— Directions for this task —
Each entry is to be repeated word for word, and the images are to be dropped.

— Task data —
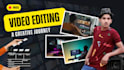 edit your videos like a pro  fast and high quality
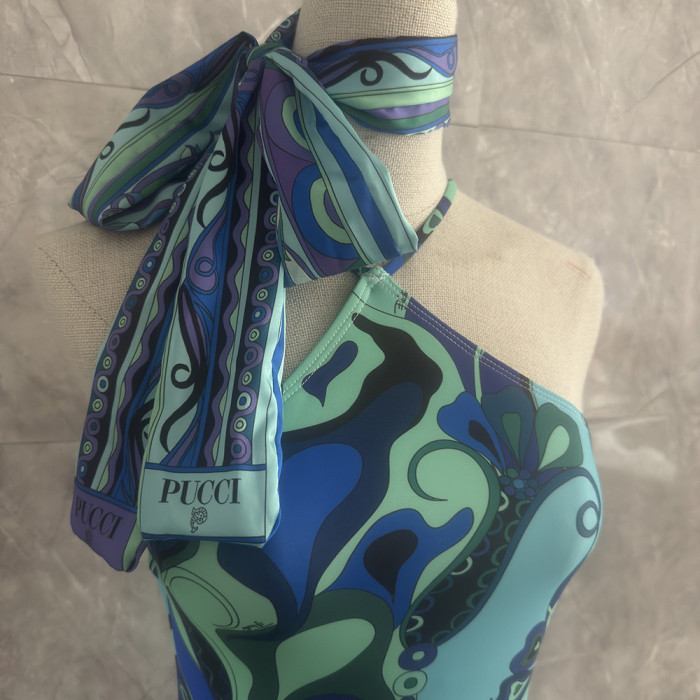 Women Three Piece Rhinestone Bikini Set Sport Bra Swimsuit Beach Thong Swimwear Bathing Suit Swimming Suit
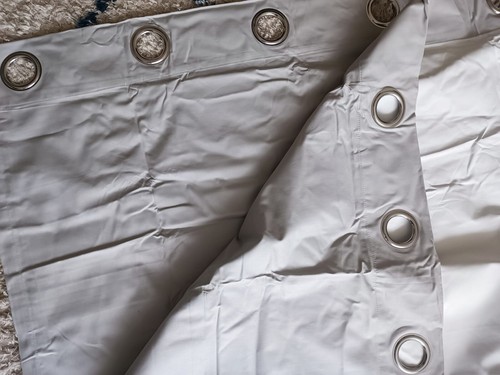 Argos blackout thermal - blackout, eyelet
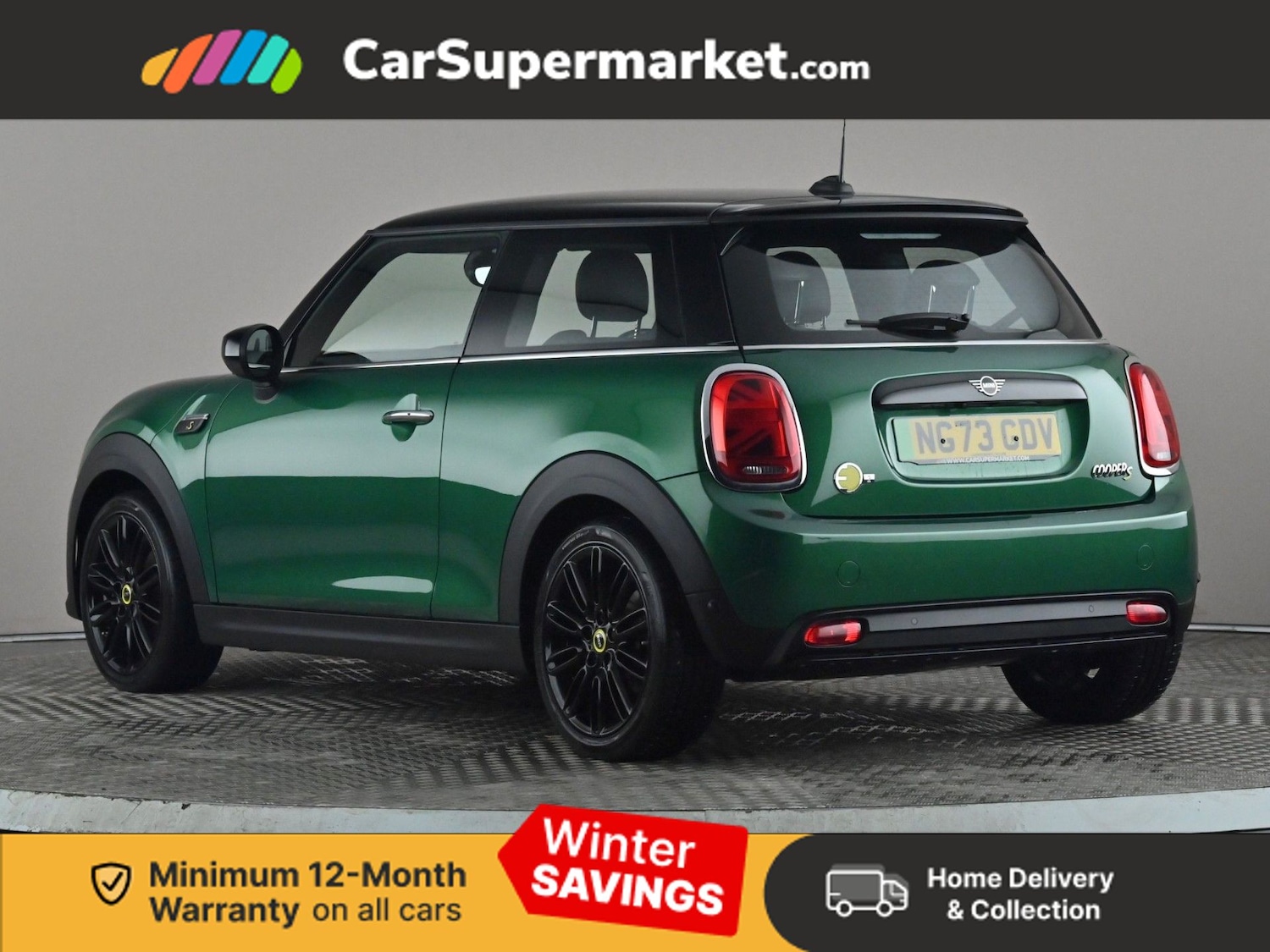 Used MINI Hatch 2023 for sale - 77199675: Photo 5
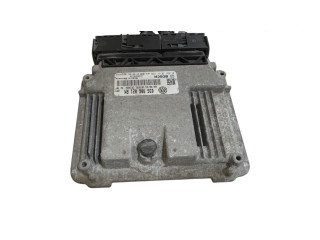 Řídící jednotka 03G906021RN, 03G906021AB Volkswagen Caddy 2008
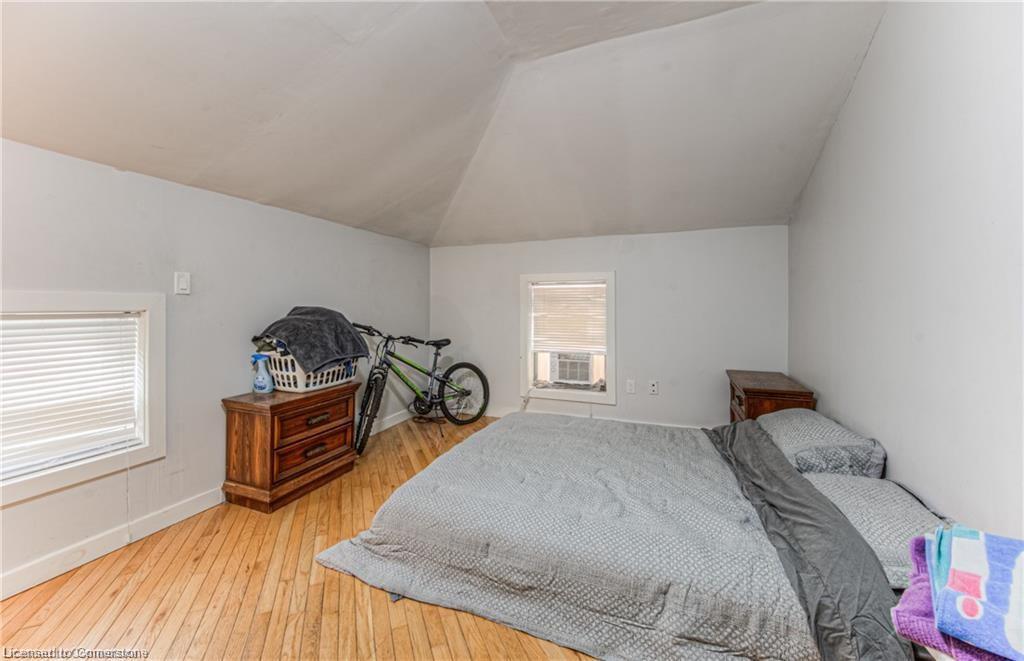 95 Church Street, Kitchener, ON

— Response —
 edit your videos like a pro  fast and high quality
 Women Three Piece Rhinestone Bikini Set Sport Bra Swimsuit Beach Thong Swimwear Bathing Suit Swimming Suit
 Argos blackout thermal - blackout, eyelet
 Used MINI Hatch 2023 for sale - 77199675: Photo 5
 Řídící jednotka 03G906021RN, 03G906021AB Volkswagen Caddy 2008
 95 Church Street, Kitchener, ON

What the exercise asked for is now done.